[Records from a data collection]

******

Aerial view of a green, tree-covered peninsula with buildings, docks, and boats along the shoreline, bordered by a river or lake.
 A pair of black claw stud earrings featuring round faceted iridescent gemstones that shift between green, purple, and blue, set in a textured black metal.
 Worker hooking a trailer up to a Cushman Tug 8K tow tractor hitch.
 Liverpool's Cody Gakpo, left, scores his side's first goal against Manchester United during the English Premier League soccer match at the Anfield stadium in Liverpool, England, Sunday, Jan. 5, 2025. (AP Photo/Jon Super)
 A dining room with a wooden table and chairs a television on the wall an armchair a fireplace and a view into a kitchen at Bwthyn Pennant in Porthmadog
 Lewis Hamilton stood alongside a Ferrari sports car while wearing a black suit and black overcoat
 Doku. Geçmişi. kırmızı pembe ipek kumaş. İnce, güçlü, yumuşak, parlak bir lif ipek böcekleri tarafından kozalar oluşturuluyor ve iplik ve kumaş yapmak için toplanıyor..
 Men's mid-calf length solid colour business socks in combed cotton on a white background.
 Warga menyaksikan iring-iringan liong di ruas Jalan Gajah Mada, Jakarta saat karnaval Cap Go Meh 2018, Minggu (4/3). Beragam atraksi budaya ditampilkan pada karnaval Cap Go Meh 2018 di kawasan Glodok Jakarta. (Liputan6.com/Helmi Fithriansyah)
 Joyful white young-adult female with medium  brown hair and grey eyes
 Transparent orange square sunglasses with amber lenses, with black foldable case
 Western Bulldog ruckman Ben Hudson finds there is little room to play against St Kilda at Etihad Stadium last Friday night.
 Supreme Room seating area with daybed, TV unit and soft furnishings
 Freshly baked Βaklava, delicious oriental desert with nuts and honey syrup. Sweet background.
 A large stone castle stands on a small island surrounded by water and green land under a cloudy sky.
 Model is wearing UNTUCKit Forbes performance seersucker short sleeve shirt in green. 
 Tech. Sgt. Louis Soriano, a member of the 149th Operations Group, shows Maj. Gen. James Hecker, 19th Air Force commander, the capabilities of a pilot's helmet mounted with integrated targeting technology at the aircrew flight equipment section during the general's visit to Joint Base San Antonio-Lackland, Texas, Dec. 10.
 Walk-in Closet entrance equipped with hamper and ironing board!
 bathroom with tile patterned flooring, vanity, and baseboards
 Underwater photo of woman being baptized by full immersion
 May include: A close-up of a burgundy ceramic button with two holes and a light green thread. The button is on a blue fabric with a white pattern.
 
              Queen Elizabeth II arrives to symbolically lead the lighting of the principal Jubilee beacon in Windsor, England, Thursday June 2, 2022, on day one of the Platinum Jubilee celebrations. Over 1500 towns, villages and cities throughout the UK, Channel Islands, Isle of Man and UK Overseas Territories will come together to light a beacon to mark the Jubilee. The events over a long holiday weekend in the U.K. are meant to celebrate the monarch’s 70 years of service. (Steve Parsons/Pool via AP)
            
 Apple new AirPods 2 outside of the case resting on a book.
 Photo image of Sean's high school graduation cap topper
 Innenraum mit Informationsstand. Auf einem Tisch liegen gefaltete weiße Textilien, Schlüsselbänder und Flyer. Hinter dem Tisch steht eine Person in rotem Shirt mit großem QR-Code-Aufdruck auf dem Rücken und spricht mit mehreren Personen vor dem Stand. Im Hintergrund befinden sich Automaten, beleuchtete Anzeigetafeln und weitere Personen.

******

ACTIVITY ::
Which lines of the data above contain "case"? Copy each one.

FINISHED EXERCISE ::
 Transparent orange square sunglasses with amber lenses, with black foldable case
 Apple new AirPods 2 outside of the case resting on a book.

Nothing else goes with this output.